RECORDS SUPPLIED:
- - -
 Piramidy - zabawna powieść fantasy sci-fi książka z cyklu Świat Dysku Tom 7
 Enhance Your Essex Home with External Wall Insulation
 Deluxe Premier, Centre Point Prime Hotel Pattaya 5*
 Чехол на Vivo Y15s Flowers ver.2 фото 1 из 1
- - -
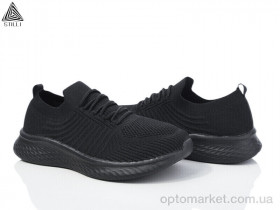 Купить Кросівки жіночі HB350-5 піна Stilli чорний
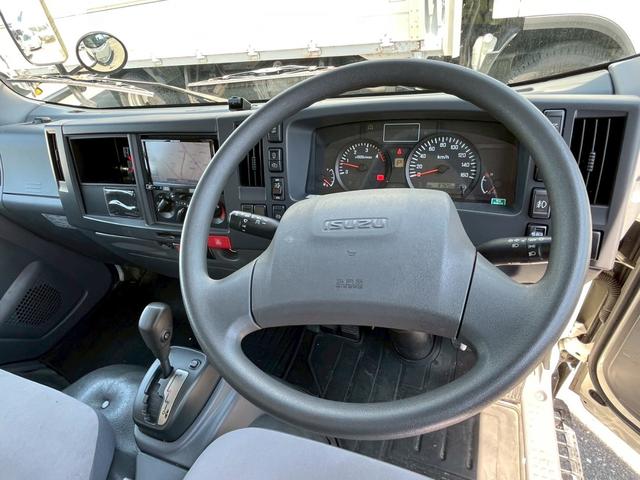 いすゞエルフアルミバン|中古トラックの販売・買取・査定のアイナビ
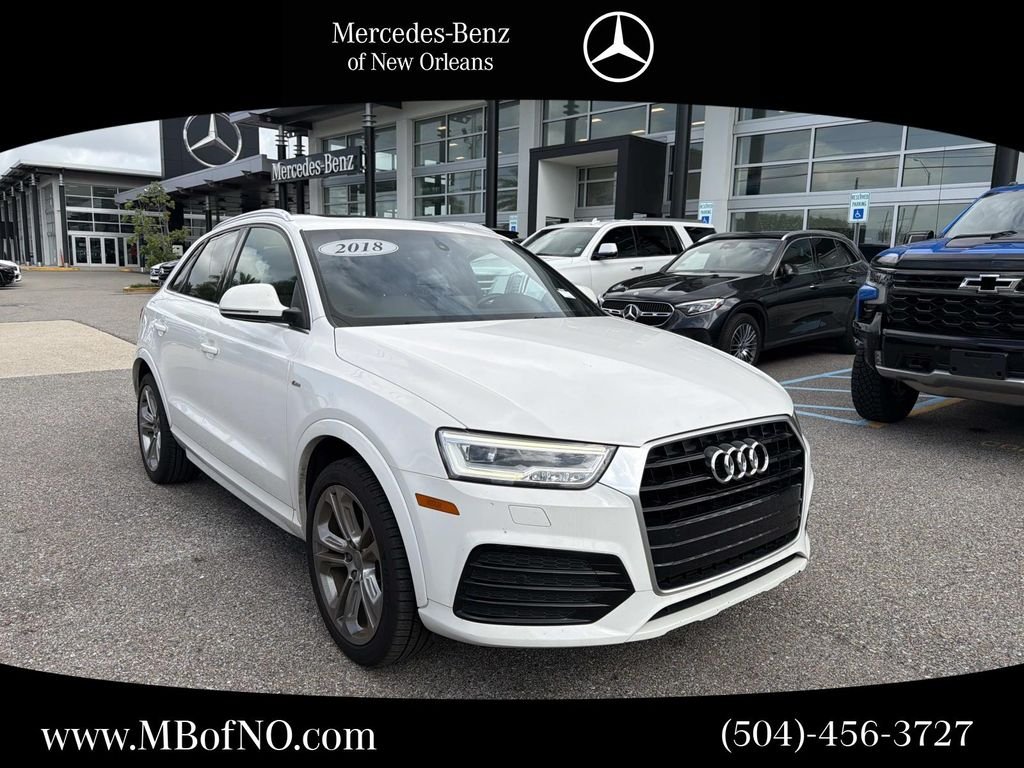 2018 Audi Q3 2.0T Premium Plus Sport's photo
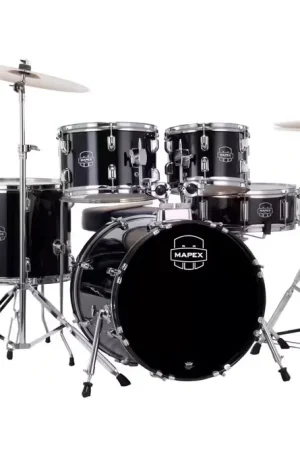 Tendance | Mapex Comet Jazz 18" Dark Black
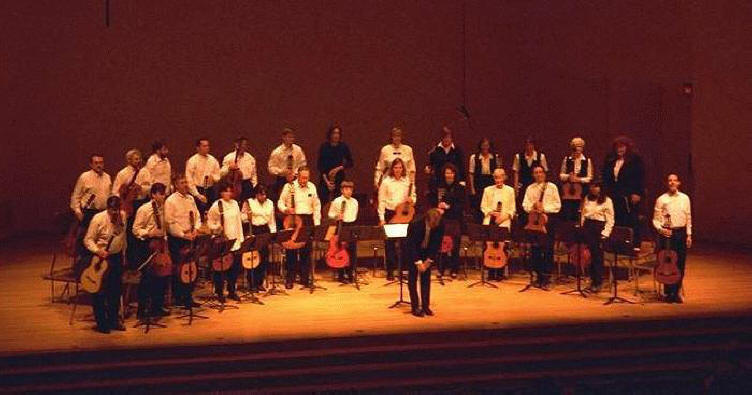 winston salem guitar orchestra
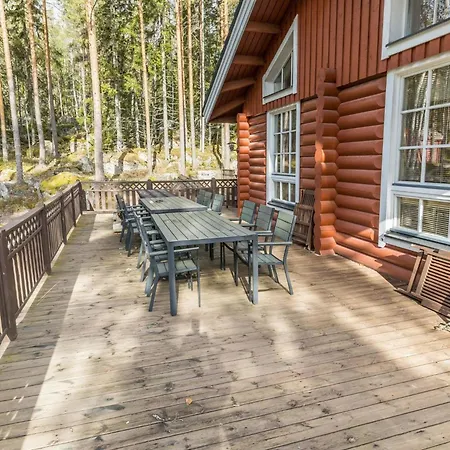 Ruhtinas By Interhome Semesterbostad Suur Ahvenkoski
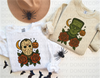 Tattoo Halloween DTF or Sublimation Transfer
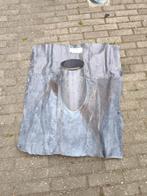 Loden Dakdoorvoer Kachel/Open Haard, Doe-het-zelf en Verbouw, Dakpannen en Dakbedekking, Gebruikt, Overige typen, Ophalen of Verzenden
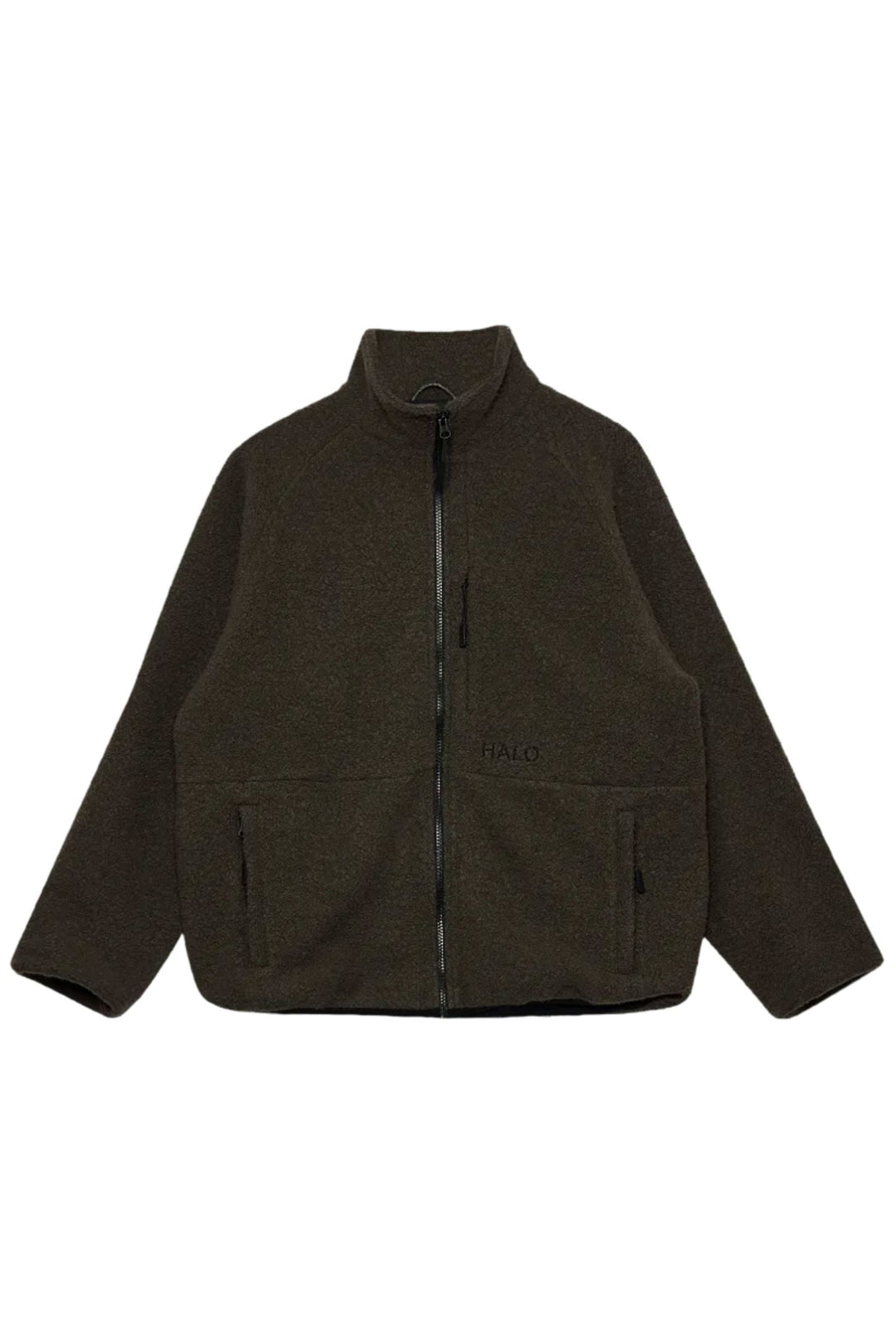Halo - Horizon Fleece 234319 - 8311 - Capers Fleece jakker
- - -
PROBLEM DESCRIPTION:
In the entries above, find the line holding "Piramidy - zabawna" and the line holding "Чехол на Vivo Y15s Flowers ver.2 фото 1 из 1"; print both of them and every line between, exactly, and nothing else.

RESULT OF THE TASK:
 Piramidy - zabawna powieść fantasy sci-fi książka z cyklu Świat Dysku Tom 7
 Enhance Your Essex Home with External Wall Insulation
 Deluxe Premier, Centre Point Prime Hotel Pattaya 5*
 Чехол на Vivo Y15s Flowers ver.2 фото 1 из 1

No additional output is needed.